Apollo Magazine

Cuban artist arrested again after the death of Fidel Castro

Plus: Berlin forced to postpone exhibition of Tehran’s modern masters | Greek archaeologists rediscover ‘lost Elgin marbles’ | Salem University shuts down politically themed exhibition | and recommended reading

Members of dissident group 'Ladies in White', wives of former political prisoners protest on March 20, 2016 in Havana. ADALBERTO ROQUE/AFP/Getty Images

Our daily round-up of news from the art world

Cuban artist El Sexto arrested again | Danilo Maldonado Machado, known as ‘El Sexto’, has been detained by the Cuban authorities in what the i newspaper describes as a ‘crackdown against human rights activists’ after the announcement of Fidel Castro’s death. Maldonado’s mother told the Miami New Times that the artist was arrested on Saturday morning after chanting slogans critical of Castro and his brother Raul. Maldonado, who had previously been detained for 10 months after creating art satirising the island’s regime, was awarded the Human Rights Foundation’s Vaclav Havel Prize for Creative Dissent in 2015.

Berlin exhibition of Tehran’s modern masters postponed | A planned exhibition at Berlin’s Gemäldegalerie featuring works from the collection of Tehran’s Museum of Contemporary Art has been postponed, reports the Guardian. The exhibition, due to open in December, was to feature 60 paintings by artists including Francis Bacon, Picasso, and Kandinsky that have not been seen in the West since 1979. The works have yet to be allowed to leave Tehran, though a spokesman from the Prussian Cultural Foundation says that ‘current signals’ suggest they will be allowed to travel ‘soon’.

Greek archaeologists rediscover ‘lost Elgin marbles’ | Marine archaeologists near the wreck of the HMS Mentor in the Aegean have begun to bring up what the Sunday Times (£) describes as a ‘treasure trove of coins, statues and jewellery’. The Mentor, which sunk near Kythera in 1802, is thought to have been lost while carrying artefacts salvaged from the Parthenon by Lord Elgin. However Elgin, then the British ambassador to the Ottoman Empire, described the ship’s cargo as ‘stones of no value’. Funds are in place for a larger excavation next year.

Salem University shuts down politically themed exhibition | An exhibition at Salem State University’s Winfisky Gallery mounted in response to this year’s US Presidential election has been temporarily closed after being criticised for the inclusion of works showcasing ‘hate’. According to the Salem News, the University received several complaints about works including a painting by artist Garry Harley depicting Ku Klux Klan members and Jewish people being rounded up by concentration camp guards. Curator Ken Reker admitted that there was a ‘lack of context’ around the exhibits, which might have misled some visitors.

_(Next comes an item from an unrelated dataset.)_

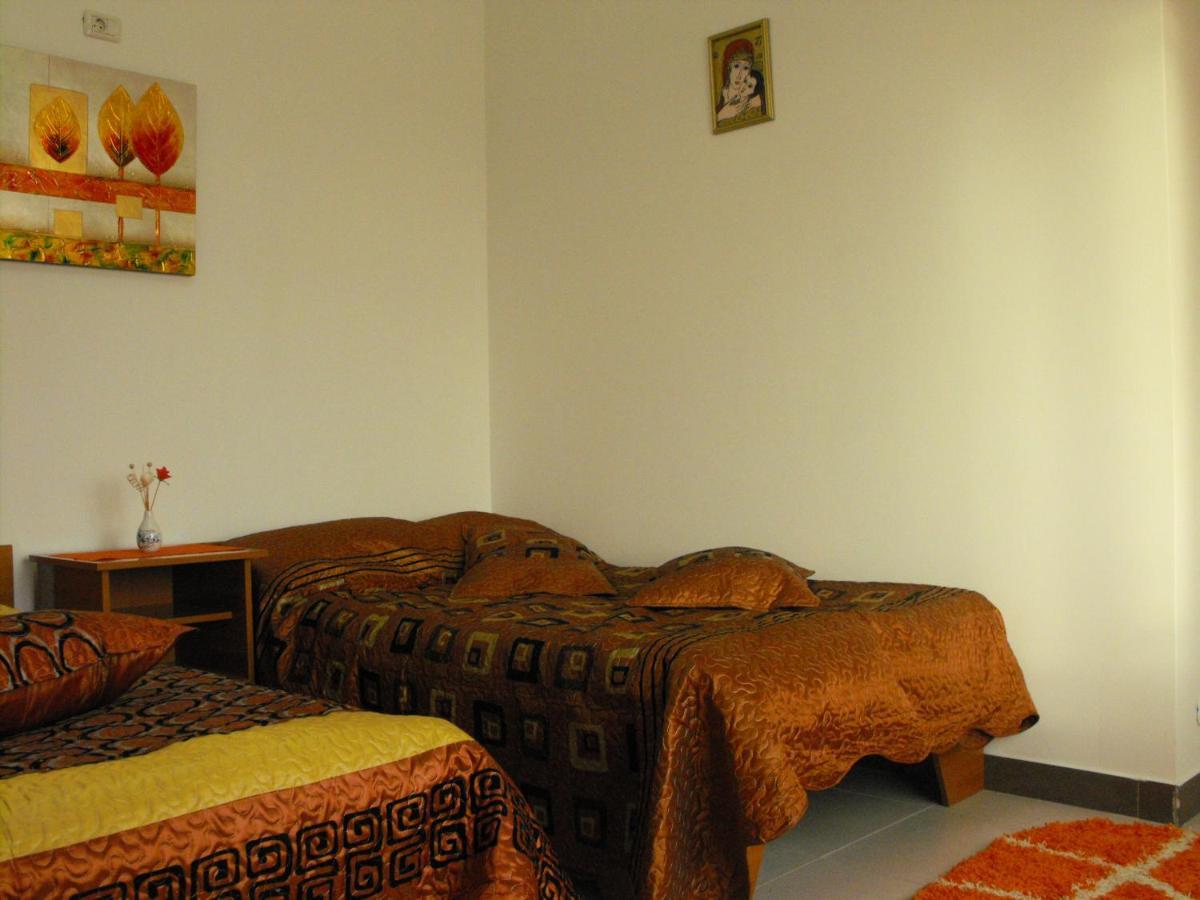 Casa Rustica Apart & Rooms Cîmpineanca エクステリア 写真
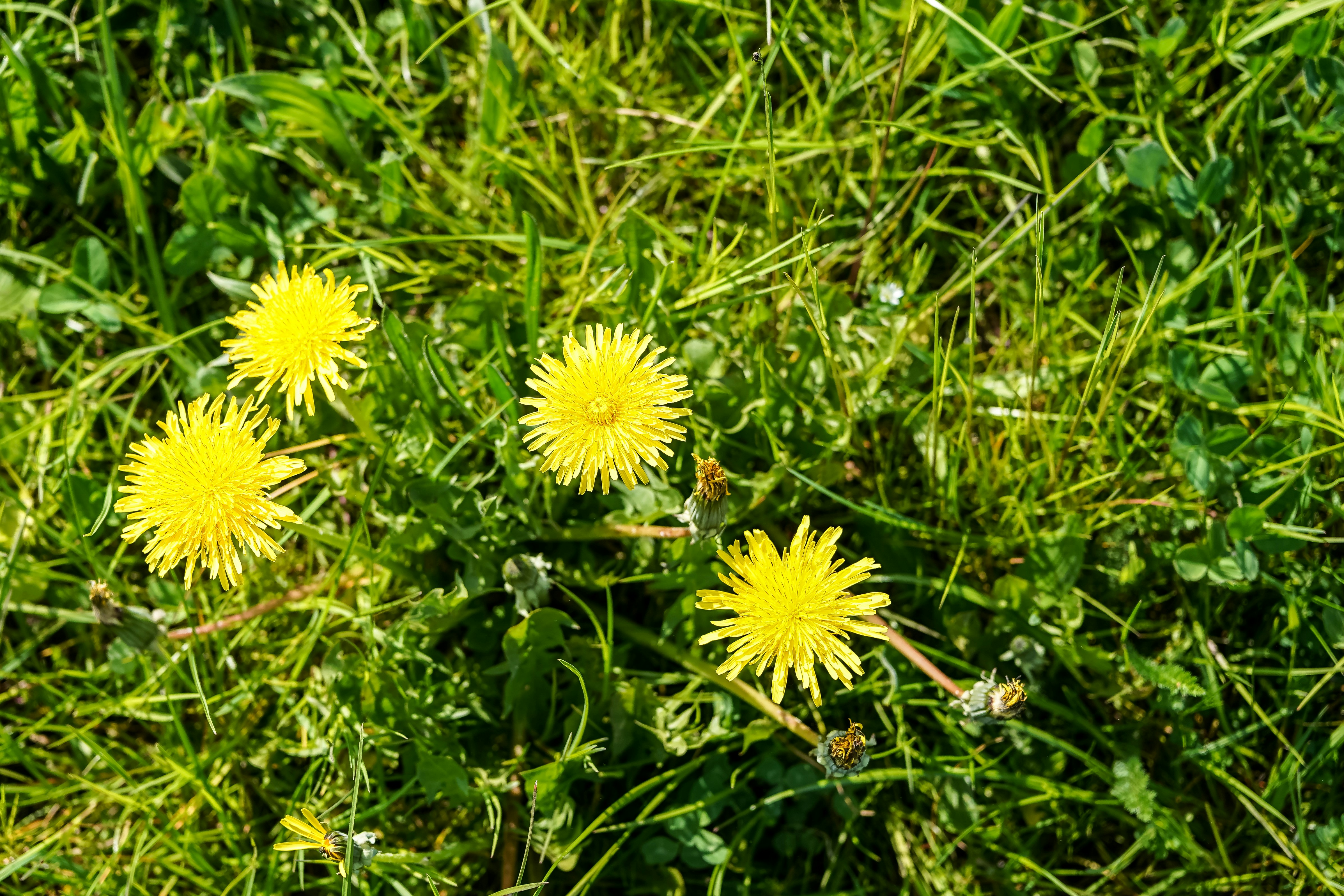 Dientes de león amarillos floreciendo en hierba verde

Recommended reading | Last week, The Art Newspaper reported that fluctuations in sterling since Britain’s vote to leave the EU have posed problems for the National Gallery in its attempts to acquire Jacopo Pontormo’s Young Man in a Red Cap (1530), although the museum has raised the funds to purchase the work. Further to this story, the Sunday Times (£) speculates that should he refuse to sell to the National Gallery, J. Tomlinson Hill, the collector who purchased the work, might be prepared to allow it to stay on display in London. Meanwhile in the FT, John Sunyer investigates the moral and financial implications of oil corporations’ investment in the arts. He concludes:‘If [anti-oil] protests continue at this rate and at this scale, the oil corporations might pull their sponsorship, or institutions might be forced to turn away their money. Neither option looks like progress.’